Work item -
If a record contains a picture, leave the picture out and transcribe everything else exactly.

━━━ Given data

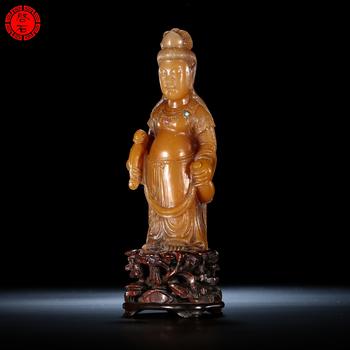 清 平安如意壽山觀音立像（帶木座）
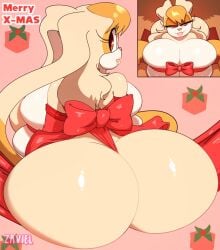 1girls 2024 anthro ass breasts christmas female female_focus female_only furry huge_ass looking_at_viewer looking_back milf sega sonic_(series) sonic_the_hedgehog_(series) text thick_ass vanilla_the_rabbit zaviel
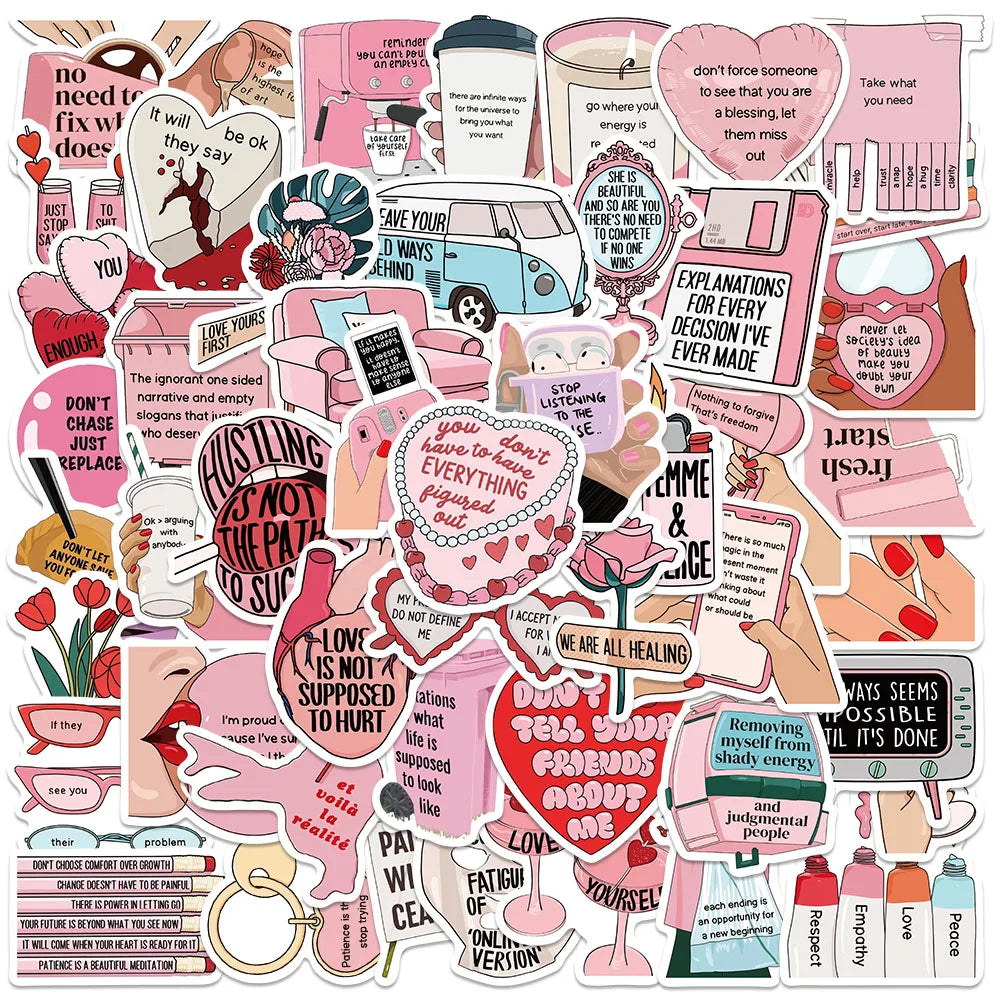 50PCS Self Motivation Vinyl Stickers for Fridge, Laptop, Motorcycle, Diary, Car, Gift (ONLINE ORDER ONLY)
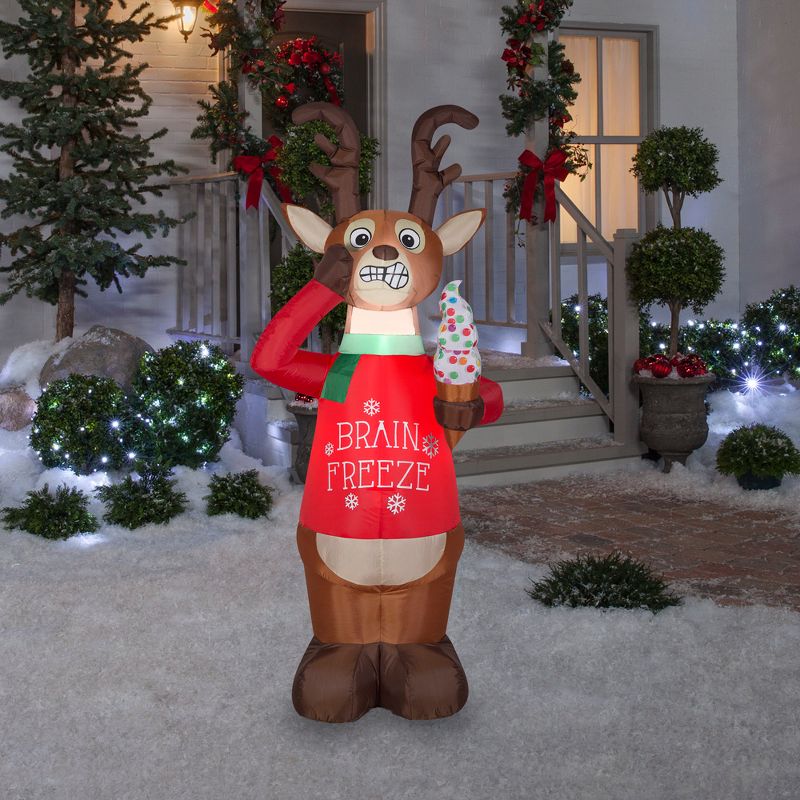 Gemmy Animated Christmas Airblown Inflatable Shaking Reindeer, 6 ft Tall, Multi, 2 of 6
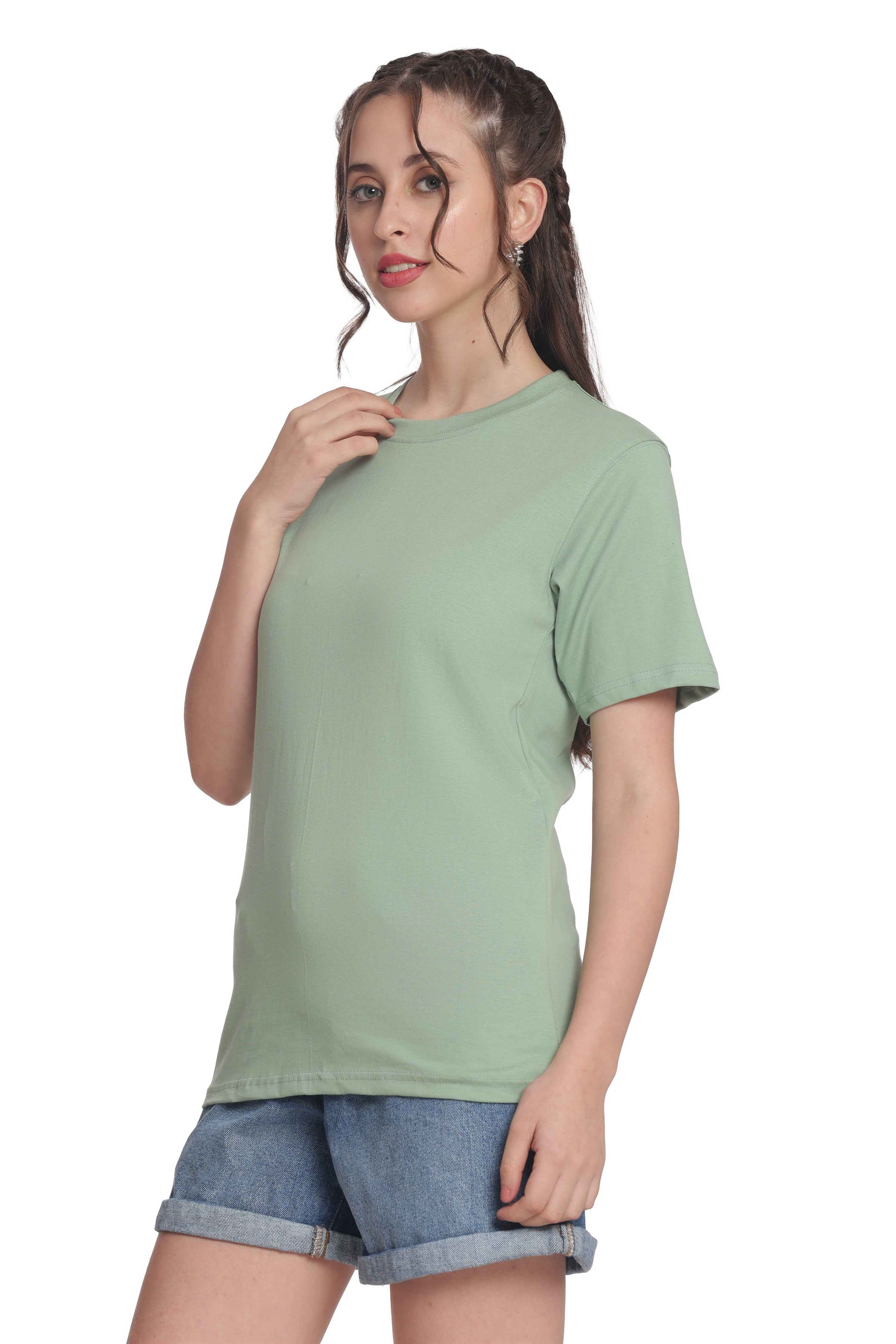 Women’s Solid Round Neck Regular Fit Half Sleeve Cotton T-Shirt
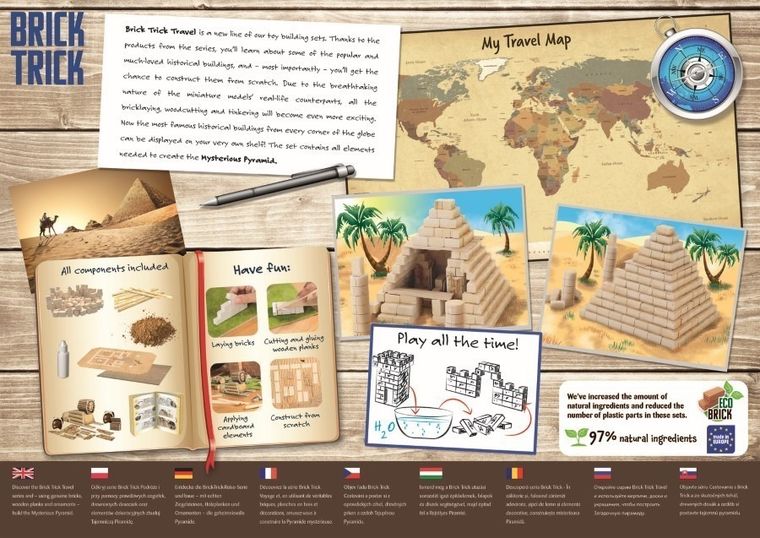 Trefl, Buduj z cegły, Piramida, zestaw kreatywny, 260 elementów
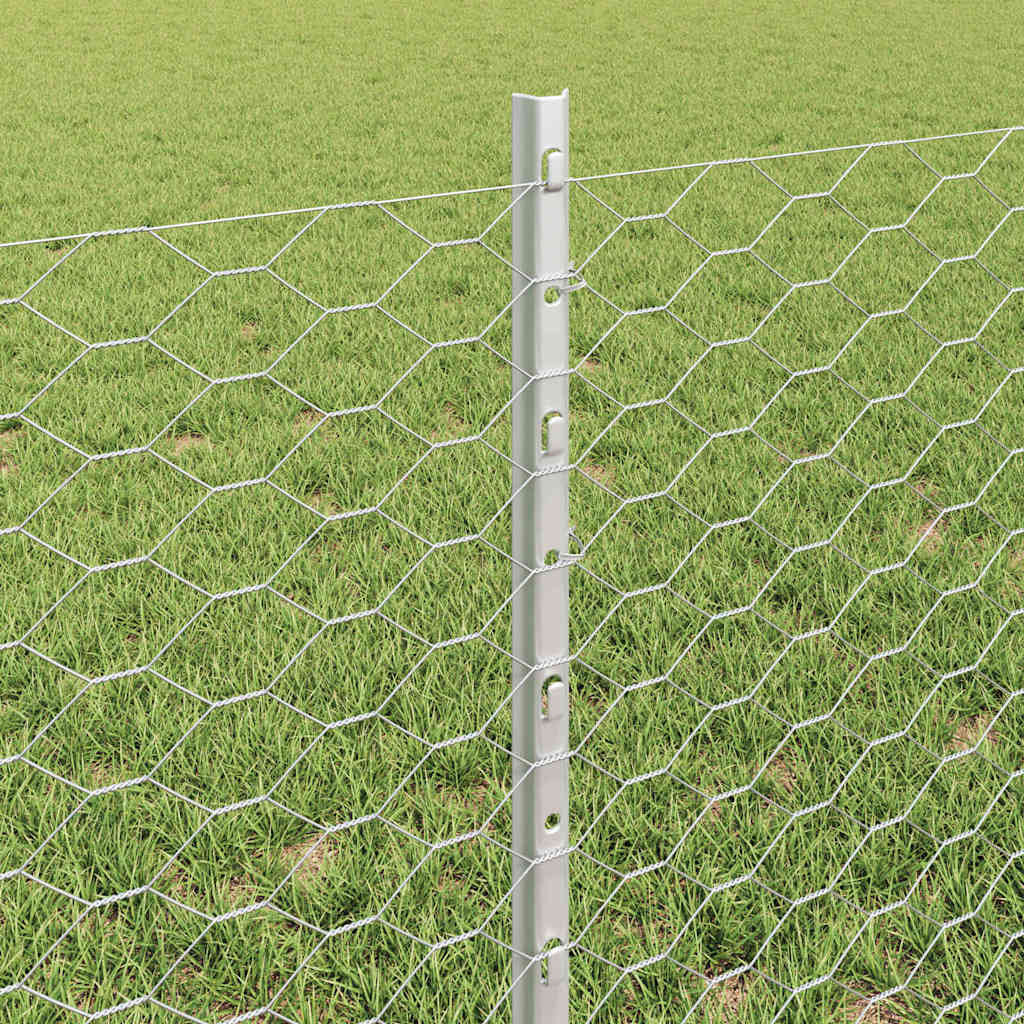 Hatszögletű kerítés oszlopokkal 25 x 0,6 m Horganyzott Acél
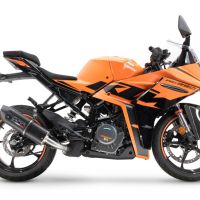 Exhaust compatible with Ktm RC 390 2022-2024, Furore Nero, Slip-on exhaust including removable db killer and link pipe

━━━━━━

Answer to the exercise -
 清 平安如意壽山觀音立像（帶木座）
 1girls 2024 anthro ass breasts christmas female female_focus female_only furry huge_ass looking_at_viewer looking_back milf sega sonic_(series) sonic_the_hedgehog_(series) text thick_ass vanilla_the_rabbit zaviel
 50PCS Self Motivation Vinyl Stickers for Fridge, Laptop, Motorcycle, Diary, Car, Gift (ONLINE ORDER ONLY)
 Gemmy Animated Christmas Airblown Inflatable Shaking Reindeer, 6 ft Tall, Multi, 2 of 6
 Women’s Solid Round Neck Regular Fit Half Sleeve Cotton T-Shirt
 Trefl, Buduj z cegły, Piramida, zestaw kreatywny, 260 elementów
 Hatszögletű kerítés oszlopokkal 25 x 0,6 m Horganyzott Acél
 Exhaust compatible with Ktm RC 390 2022-2024, Furore Nero, Slip-on exhaust including removable db killer and link pipe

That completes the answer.